1) The visiting priest introduced himself and then invited anyone who wanted to leave to go to Dunkin Donuts. He said and I quote,
'God does not take attendance. She has better things to do.'
2) He proceeded to talk about how he was brought out of retirement to say Mass and said, 'I don't know why I am here. I don't know why some of you women here couldn't do the Mass, or one of you married men.'
3) He omitted the "Gloria" and the 'Creed'
4) He changed the words of the Gospel. Where it said "He" he said 'they.' At the end he offered an explanation after first admonishing all those who read their missalettes while he read the Gospel and advising us to walk out now and head for Dunkin Donuts. His explanation was
'I changed the words of "He" to "They" to be inclusive.'
5) At the Consecration, he did not elevate the Host and the Chalice nor did he genuflect.

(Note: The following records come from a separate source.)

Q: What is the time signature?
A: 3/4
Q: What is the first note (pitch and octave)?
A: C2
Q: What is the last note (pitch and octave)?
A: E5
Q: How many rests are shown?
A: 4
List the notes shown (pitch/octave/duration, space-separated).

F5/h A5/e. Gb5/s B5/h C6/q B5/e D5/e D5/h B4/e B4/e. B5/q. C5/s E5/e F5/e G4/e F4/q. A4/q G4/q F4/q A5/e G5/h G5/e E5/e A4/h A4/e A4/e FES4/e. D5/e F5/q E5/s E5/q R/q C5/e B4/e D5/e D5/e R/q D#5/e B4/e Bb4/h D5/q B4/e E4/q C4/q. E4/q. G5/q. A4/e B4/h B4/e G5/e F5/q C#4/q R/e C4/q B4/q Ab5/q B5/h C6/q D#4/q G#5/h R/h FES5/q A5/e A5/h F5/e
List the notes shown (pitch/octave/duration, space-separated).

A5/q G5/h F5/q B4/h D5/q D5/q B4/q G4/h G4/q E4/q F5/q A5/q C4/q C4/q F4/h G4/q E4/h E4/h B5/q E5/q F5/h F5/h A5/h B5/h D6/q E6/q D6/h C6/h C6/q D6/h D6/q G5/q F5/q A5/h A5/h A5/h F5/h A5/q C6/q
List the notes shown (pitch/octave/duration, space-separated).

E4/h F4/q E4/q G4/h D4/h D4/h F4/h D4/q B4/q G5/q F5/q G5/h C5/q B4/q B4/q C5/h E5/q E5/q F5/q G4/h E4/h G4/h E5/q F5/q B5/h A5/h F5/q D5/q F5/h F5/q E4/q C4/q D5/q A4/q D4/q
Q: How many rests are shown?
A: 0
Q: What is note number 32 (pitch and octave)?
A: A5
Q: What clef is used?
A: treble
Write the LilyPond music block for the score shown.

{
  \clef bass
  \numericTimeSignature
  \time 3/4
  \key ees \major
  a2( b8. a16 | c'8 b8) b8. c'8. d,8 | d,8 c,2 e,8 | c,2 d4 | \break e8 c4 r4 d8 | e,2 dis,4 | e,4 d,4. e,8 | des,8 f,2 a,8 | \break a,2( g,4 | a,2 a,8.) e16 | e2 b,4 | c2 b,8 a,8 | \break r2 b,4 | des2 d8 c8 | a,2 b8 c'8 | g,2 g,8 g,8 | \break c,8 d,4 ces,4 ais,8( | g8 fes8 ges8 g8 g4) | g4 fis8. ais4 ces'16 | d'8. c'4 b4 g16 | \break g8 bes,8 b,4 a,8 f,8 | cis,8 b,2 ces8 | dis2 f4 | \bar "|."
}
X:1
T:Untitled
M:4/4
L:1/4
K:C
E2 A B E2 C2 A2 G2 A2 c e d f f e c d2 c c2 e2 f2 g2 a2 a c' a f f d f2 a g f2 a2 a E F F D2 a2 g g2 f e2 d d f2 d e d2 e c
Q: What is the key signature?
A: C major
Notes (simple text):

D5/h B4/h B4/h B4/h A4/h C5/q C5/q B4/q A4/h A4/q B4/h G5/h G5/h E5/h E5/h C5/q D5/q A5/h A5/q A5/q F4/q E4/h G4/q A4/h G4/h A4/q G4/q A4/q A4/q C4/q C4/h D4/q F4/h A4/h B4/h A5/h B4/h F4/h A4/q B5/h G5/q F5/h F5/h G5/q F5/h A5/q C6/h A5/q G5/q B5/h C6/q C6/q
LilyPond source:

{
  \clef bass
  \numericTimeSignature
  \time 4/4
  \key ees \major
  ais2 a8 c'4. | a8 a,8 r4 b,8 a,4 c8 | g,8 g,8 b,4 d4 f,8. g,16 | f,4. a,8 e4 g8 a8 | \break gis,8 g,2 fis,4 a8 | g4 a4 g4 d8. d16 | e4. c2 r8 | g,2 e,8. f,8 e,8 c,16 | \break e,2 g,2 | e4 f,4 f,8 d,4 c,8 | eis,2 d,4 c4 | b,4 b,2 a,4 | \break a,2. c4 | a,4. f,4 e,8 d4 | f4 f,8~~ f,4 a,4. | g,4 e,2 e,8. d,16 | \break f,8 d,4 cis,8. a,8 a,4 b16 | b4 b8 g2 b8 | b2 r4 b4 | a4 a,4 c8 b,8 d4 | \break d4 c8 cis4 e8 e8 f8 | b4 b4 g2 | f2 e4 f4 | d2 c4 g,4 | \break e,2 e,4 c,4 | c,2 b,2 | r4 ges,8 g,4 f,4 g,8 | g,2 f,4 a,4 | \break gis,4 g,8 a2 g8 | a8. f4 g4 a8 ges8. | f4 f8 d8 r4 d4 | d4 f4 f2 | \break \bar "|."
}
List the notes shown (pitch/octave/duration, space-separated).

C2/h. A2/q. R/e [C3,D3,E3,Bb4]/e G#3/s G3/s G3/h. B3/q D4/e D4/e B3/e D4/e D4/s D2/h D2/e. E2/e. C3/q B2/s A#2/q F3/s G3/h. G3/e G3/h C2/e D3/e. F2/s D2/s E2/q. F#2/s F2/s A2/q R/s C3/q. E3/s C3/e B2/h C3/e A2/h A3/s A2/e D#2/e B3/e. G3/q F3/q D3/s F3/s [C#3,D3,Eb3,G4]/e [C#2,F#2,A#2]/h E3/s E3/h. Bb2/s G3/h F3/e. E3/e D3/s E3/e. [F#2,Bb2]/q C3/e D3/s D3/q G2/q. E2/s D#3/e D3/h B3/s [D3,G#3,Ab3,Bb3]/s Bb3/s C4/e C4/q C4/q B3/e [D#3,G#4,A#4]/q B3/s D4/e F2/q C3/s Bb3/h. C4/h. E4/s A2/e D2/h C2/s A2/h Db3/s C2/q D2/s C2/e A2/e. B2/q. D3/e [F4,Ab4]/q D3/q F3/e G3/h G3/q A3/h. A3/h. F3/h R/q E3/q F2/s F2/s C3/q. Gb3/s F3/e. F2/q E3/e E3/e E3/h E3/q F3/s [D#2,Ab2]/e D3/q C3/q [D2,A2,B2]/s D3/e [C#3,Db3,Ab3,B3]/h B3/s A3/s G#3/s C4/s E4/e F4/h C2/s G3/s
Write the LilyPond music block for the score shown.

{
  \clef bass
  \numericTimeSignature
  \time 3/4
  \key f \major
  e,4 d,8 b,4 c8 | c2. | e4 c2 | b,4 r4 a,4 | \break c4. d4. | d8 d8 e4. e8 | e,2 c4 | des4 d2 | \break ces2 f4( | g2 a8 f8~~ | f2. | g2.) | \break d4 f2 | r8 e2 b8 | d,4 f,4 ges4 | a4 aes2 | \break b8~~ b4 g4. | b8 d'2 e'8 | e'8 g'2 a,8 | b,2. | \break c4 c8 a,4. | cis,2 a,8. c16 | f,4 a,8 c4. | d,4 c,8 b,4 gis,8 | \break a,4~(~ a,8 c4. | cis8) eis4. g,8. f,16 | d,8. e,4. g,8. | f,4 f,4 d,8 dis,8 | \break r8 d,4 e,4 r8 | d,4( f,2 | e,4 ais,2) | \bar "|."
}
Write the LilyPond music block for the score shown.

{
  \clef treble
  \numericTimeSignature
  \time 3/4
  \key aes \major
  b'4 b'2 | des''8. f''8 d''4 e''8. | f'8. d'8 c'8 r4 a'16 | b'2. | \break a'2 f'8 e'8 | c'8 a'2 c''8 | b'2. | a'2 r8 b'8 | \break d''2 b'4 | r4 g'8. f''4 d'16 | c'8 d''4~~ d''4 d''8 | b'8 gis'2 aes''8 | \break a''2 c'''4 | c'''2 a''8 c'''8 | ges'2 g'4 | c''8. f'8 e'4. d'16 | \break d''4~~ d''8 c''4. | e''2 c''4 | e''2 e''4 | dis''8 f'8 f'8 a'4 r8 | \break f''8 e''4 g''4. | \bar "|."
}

There were many other things he did and said most of which was to undermine the significance of the rituals of Consecration and to show no especial respect for the Eucharist which he characterized as 'an action' not the Body, Blood, Soul and Divinity, of the second person of the Trinity. I will stop now. I am so upset. It has deeply shaken me. Not my belief in God or the Mass but in the holiness of some of our priests. It did not appear to me that anyone else noticed. The danger of such talk for the congregation who may not see the insidious and undermining theme that was a current throughout the Mass is especially upsetting to me. I went up to him after Mass and respectfully told him how I felt and why, to which he said absolutely nothing. After I said, I would pray for him he said he was sorry that I got upset. Lord help us.  I am living in a rural village two hours north of NYC just to add some perspective. Is anyone else writing to you of occurrences like this? Is there any authority in the church to whom I could address these issues to?" Reply:
Yes, the Cardinal. And if you are not happy with that, the Papal Nuncio in Washington.]